On April 30, 2020, the United States Court of Appeals for the Eighth Circuit (“Eighth Circuit”) denied Nebraska Public Power District’s (“NPPD”) petition for review of FERC’s approval of the Southwest Power Pool, Inc.’s (“SPP”) placement of Tri-State Generation & Transmission Association’s (“Tri-State”) transmission facilities in SPP Zone 17. NPPD challenged FERC’s approval on cost causation grounds, arguing that FERC’s ruling was arbitrary and capricious because it failed to find that the benefits accruing to NPPD are roughly commensurate with the costs. The Eighth Circuit denied NPPD’s petition, concluding that FERC provided plausible and articulable reasons for why the costs and benefits of placing Tri-State’s transmission facilities in Zone 17 were comparable, and that FERC’s cost-causation analysis was not arbitrary and capricious.

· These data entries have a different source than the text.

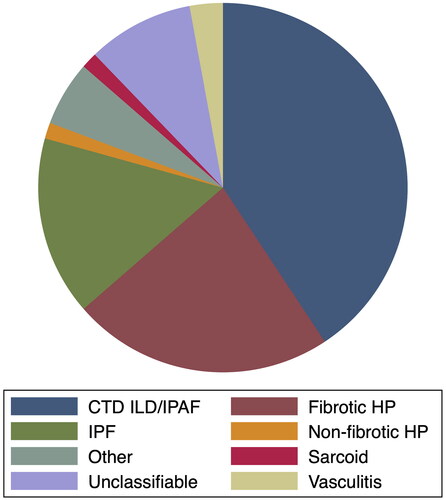 Figure 1. Distribution of interstitial lung disease diagnoses in the clinic. Other = asbestosis (1), DIP (2), drug reaction (1), PBC ILD (2), RB ILD (2). Abbreviations: ILD, interstitial lung disease; CTD ILD, connective tissue disease associated ILD; IPF, idiopathic pulmonary fibrosis; HP, hypersensitivity pneumonitis; DIP, desquamative interstitial pneumonia; PBC, primary biliary cirrhosis; RB, respiratory bronchiolitis.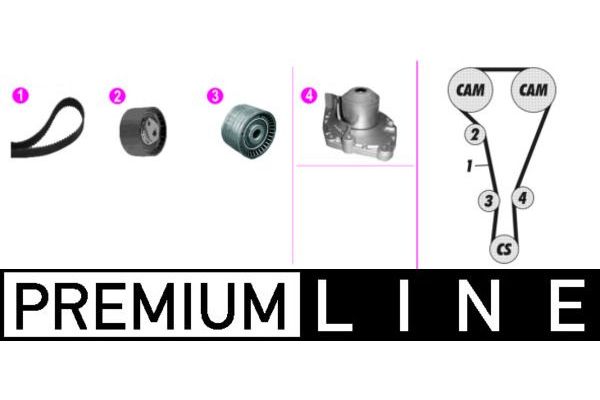 Devirdaim Su Pompası  Nissan Primastar (X83)(09.2002->)  MAHLE CPK 131 000P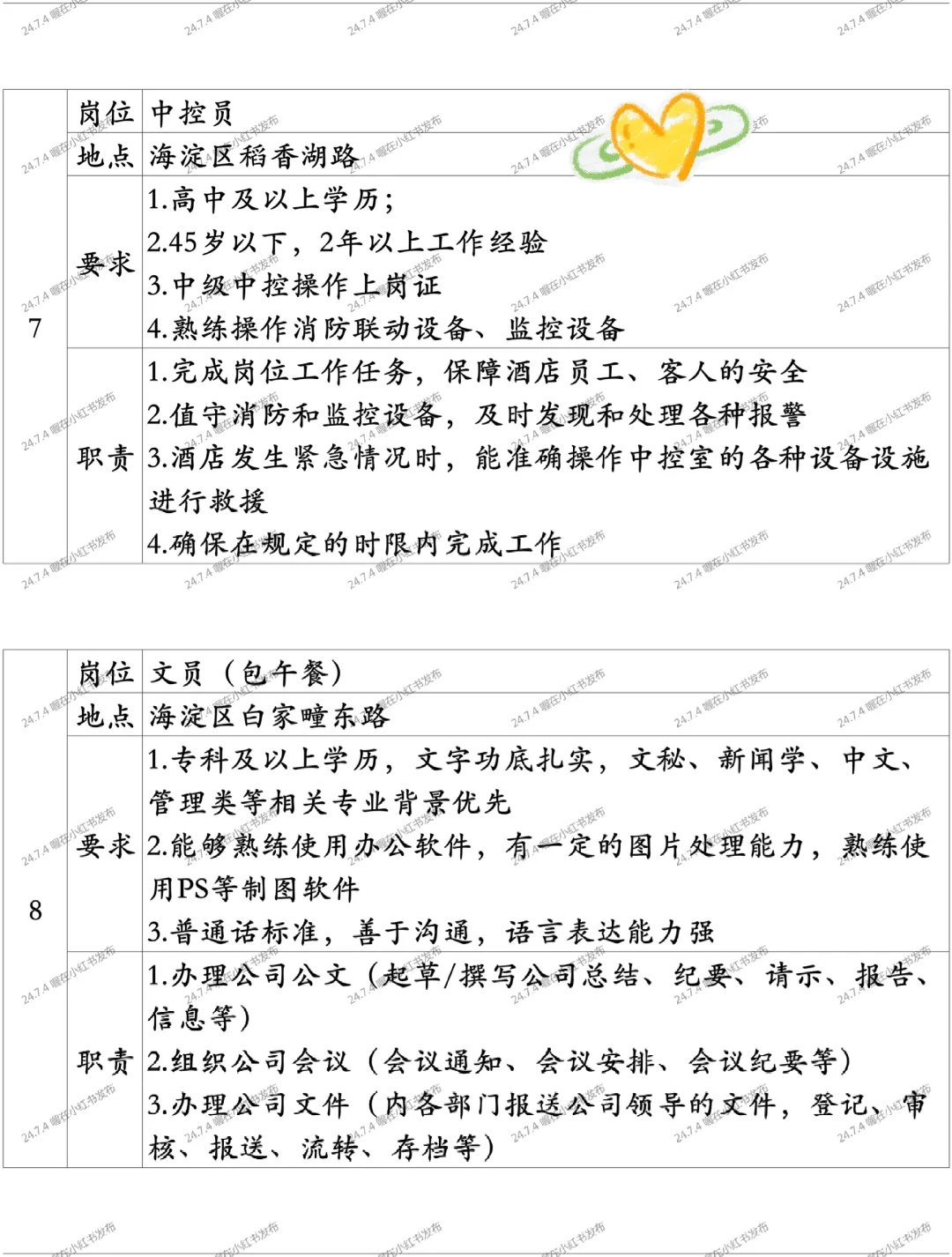 7.4 企业内聘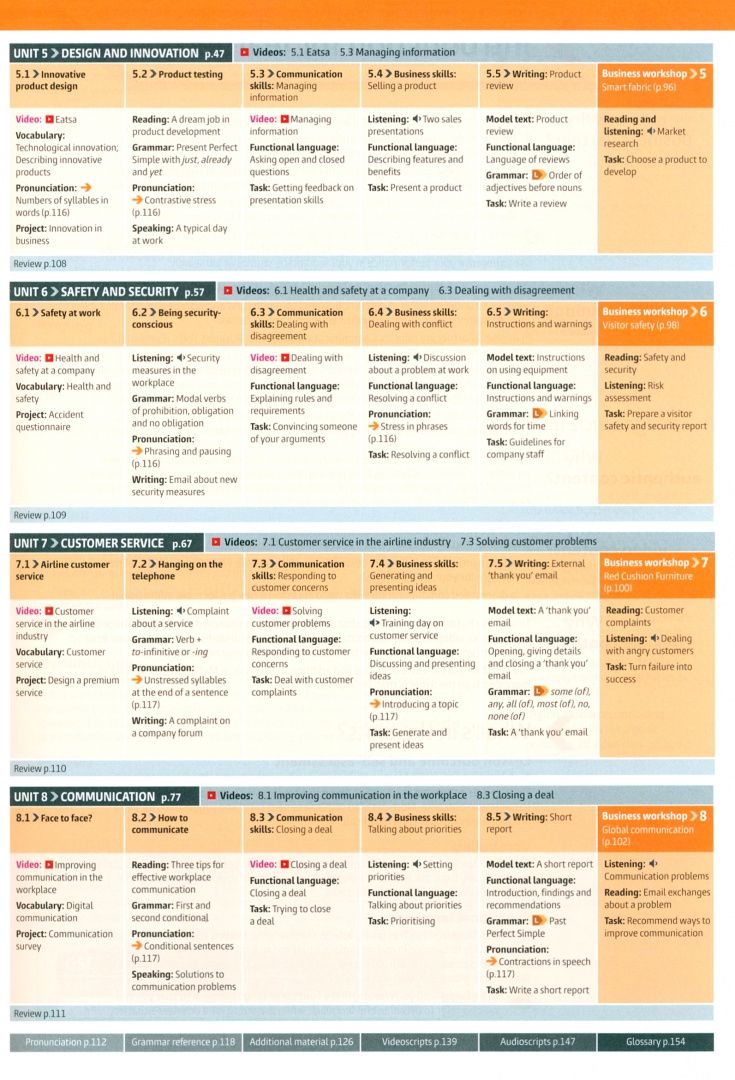 Margaret O`Keeffe: Business Partner. B1. Coursebook and Interactive eBook with MyEnglishLab and Digital Resources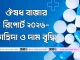 ঔষধ বাজার দর ২০২৬: কোন ওষুধের দাম ও চাহিদা বাড়ছে? ঔষধ বাজার রিপোর্ট ২০২৬ চাহিদা ও দাম বৃদ্ধি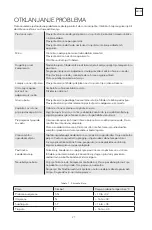 Предварительный просмотр 27 страницы Tesla RM6400FMX User Manual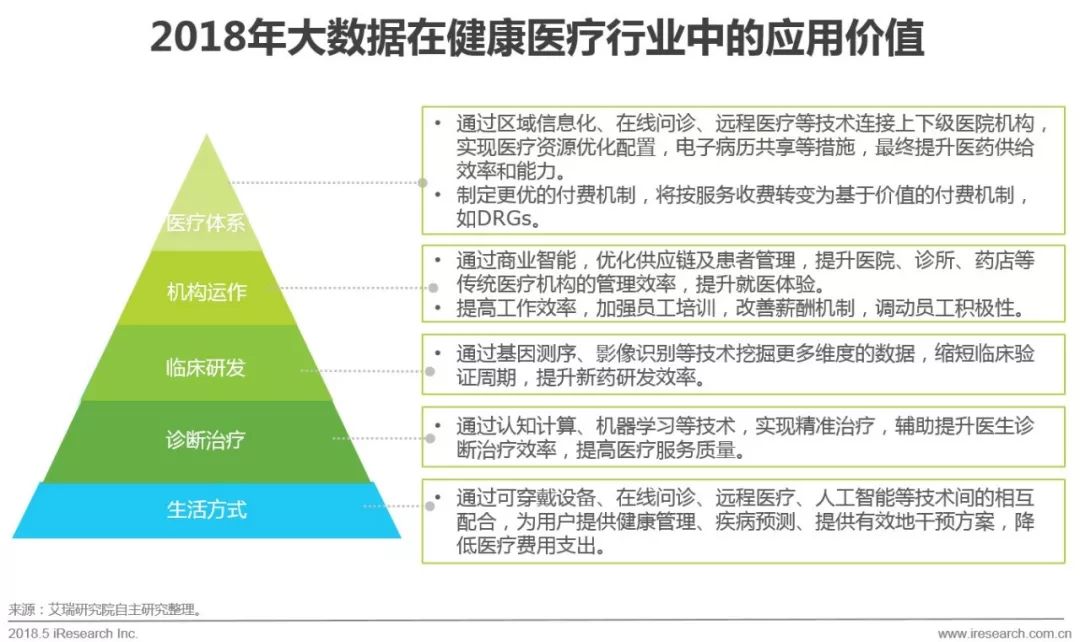 人工智能养老前景如何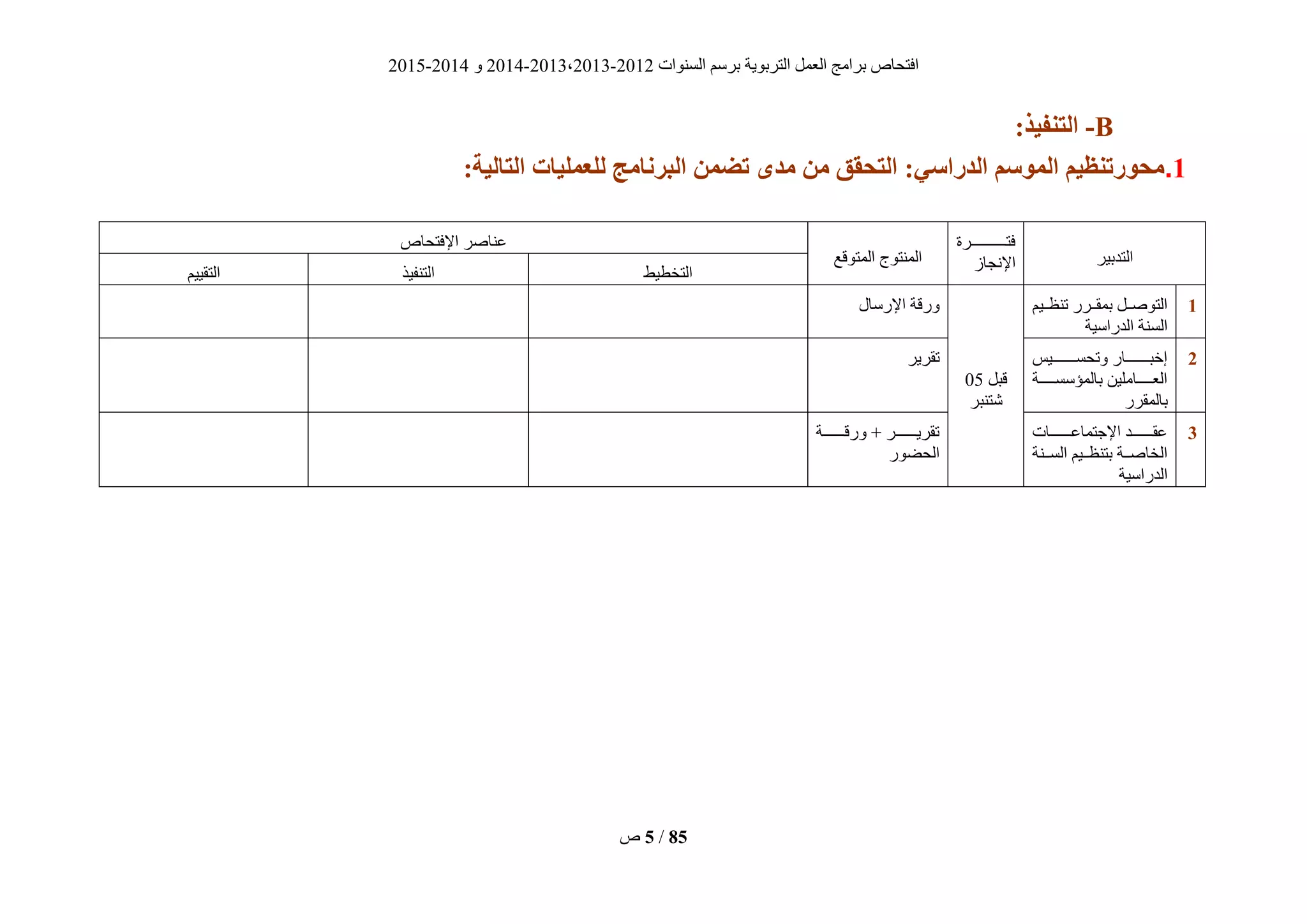 ‫انغُٕاد‬ ‫ثشعى‬ ‫انزشثٌٕخ‬ ‫انؼًم‬ ‫ثشايظ‬ ‫افزؾبؿ‬2012-2013،2013-2014ٔ2014-2015
‫ؿ‬ 5 / 85
B-:‫التيفُذ‬
0.ٍ‫الذراس‬ ‫الوىسن‬ ‫هحىرتيظُن‬:‫التبلُة‬ ‫لليولُبت‬ ‫زنبهج‬ ‫ال‬ ‫تضون‬ ‫هذي‬ ‫هن‬ ‫التحقق‬ :
‫انزذثٍش‬
‫ييييييييييييييشح‬‫ي‬‫فز‬
‫اإلَغبص‬‫انًزٕقغ‬ ‫انًُزٕط‬
‫ػُبفش‬‫اإلفزؾبؿ‬
‫انزخطٍط‬‫انزُفٍز‬‫انزقٍٍى‬
0‫ييٍى‬‫ي‬‫رُظ‬ ‫ييشس‬‫ي‬‫ثًق‬ ‫انزٕفييم‬
‫انذساعٍخ‬ ‫انغُخ‬
‫قجم‬05
‫ؽزُجش‬
‫اإلسعبل‬ ‫ٔسقخ‬
2‫يييييييييٍظ‬‫ي‬‫ٔرؾغ‬ ‫يييييييييبس‬‫ي‬‫إخج‬
‫ييييييخ‬‫ي‬‫ثبنًؤعغ‬ ٍٍ‫ييييييبيه‬‫ي‬‫انؼ‬
‫ثبنًقشس‬
‫رقشٌش‬
2‫اإلعزًبػيييييييييبد‬ ‫ييييييييذ‬‫ي‬‫ػق‬
‫ييُخ‬‫ي‬‫انغ‬ ‫ييٍى‬‫ي‬‫ثزُظ‬ ‫ييخ‬‫ي‬‫انخبف‬
‫انذساعٍخ‬
‫ٔسقيييييييييخ‬ ‫رقشٌيييييييييش‬
‫انؾضٕس‬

On April 30, 2020, FERC accepted the New York Independent System Operator, Inc.’s (“NYISO”) proposed revisions to its Open Access Transmission Tariff (“OATT”) and its Market Administration and Control Area Services Tariff intended to enhance the integration of its Generator Deactivation Process with its Reliability Planning Process. NYISO proposed to establish a Short-Term Reliability Process using quarterly Short-Term Assessment of Reliability (“STAR”) studies that simultaneously evaluate the reliability impact of both generator deactivations and other changes that may impact transmission facilities (“Proposal”). FERC found that the Proposal will enhance NYISO’s current Generator Deactivation Process into a more efficient and comprehensive Short-Term Reliability Process.

On April 17, 2020, FERC denied Potomac Economics, Ltd.’s (“Potomac Economics”) complaint against PJM Interconnection, L.L.C. (”PJM”), which alleged that PJM’s rule requiring external generation resources to obtain a pseudo-tie in order to participate in PJM’s capacity market was unjust and unreasonable (“Complaint”). FERC found that Potomac Economics failed to show that PJM’s pseudo-tie requirement had caused market inefficiencies or harmed reliability and that any arguments regarding potential future harms to the New York System Operator, Inc. (“NYISO”) by the pseudo-tie requirement were speculative. FERC also denied PJM’s motion to dismiss the Complaint, finding that market monitors may file complaints under Federal Power Act (“FPA”) section 206, provided that such market monitors satisfy the requirements of FERC’s relevant regulations.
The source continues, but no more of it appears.